Il 31enne risponde per oltre sei ore alle domande delle pm Letizia Mannella e Alessia Menegazzo. Quella sera, il 27 maggio di un anno fa, Giulia Tramontano era in cucina. L’ex barman dell’Armani café racconta di aver sentito un “piccolo lamento”. Giulia si era fatta male a un dito “mentre tagliava i pomodori”. Dalla cucina, la ragazza, originaria di Sant’Antimo, in provincia di Napoli, si sposta verso il salone dove è in cerca di un cerotto, in un cassetto in basso di un mobile. “Ho visto il coltello, ho atteso immobile che si alzasse e l’ho colpita al collo”, dice Impagnatiello, con la voce che per un istante tentenna prima di tornare al racconto della morte della giovane donna. Non ricorda “quante volte” l’ha colpita: “L’ho sentito in una trasmissione alla tv”. Ma perché l’ha uccisa non lo spiega. È una domanda alla quale “non ci sarà mai una risposta”.

Impagnatiello: “A lavoro non volevo rischiare l’umiliazione, l’ho avvelenata”

Le due storie, con Giulia Tramontano e l’altra ragazza, portate avanti in maniera parallela erano tenute in piedi con un “castello di bugie”, un “mare di menzogne” dentro il quale “sono annegato anche io”. Al lavoro, dice, non voleva “rischiare” di perdere la sua reputazione agli occhi dei colleghi. È per questo che decide di non presentarsi all’incontro-confronto con le due donne. Decide di sottrarsi perché “avevo una certa reputazione e non volevo rischiare l’umiliazione, che, sul posto di lavoro, avrebbe fatto crollare” l’immagine che gli altri “avevano di me”. “Sì”, ammette nel corso della deposizione, “l’ho avvelenata”, ma “nel sonno”, in contrapposizione, come gli viene fatto notare dall’accusa, con l’autopsia che ha stabilito che l’avvelenamento con il topicida avveniva da mesi. Nelle sue parole, anche il timore che l’arrivo del bambino, Thiago, avrebbe allontanato Giulia Tramontano.

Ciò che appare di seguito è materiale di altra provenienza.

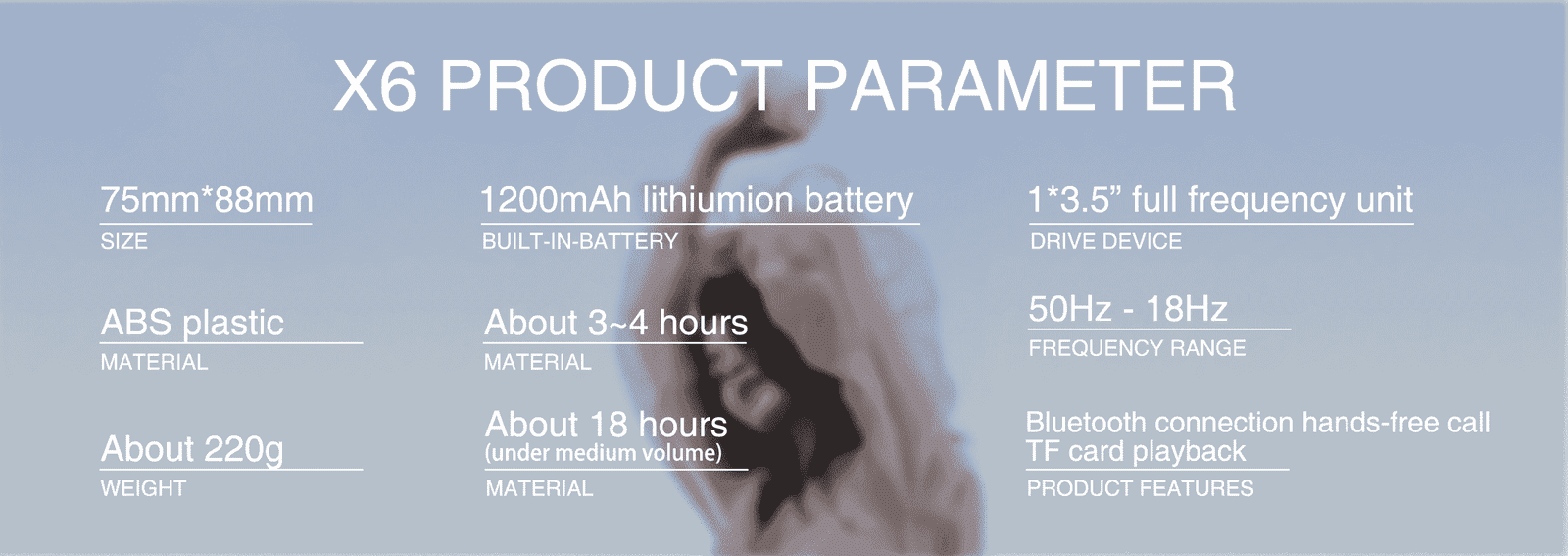 Original Sanag X6s Pro Portable Bluetooth Speaker Original Sanag X6s Pro Portable Bluetooth Speaker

Impagnatiello: “Volevo colpire il bambino, non volevo far male a Giulia”

Non sa dare una risposta del perché abbia ucciso Giulia: “Me lo sono chiesto miliardi di volte”. E assicura che le sue ricerche sul web sul veleno avevano in realtà lo scopo “esclusivo di colpire il bambino” perché “non avevo intenzione di far male a Giulia”. È sicuro che loro due non si sarebbero lasciati, nonostante le chat, nonostante le discussioni. “Io volevo stare con Giulia”, ripete, anche quando l’accusa gli fa notare che in quegli stessi giorni, il 31enne dice all’altra ragazza di voler stare con lei. Dopo oltre sei ore, l’udienza viene sospesa. La deposizione di Impagnatiello riprenderà in aula il prossimo 10 giugno.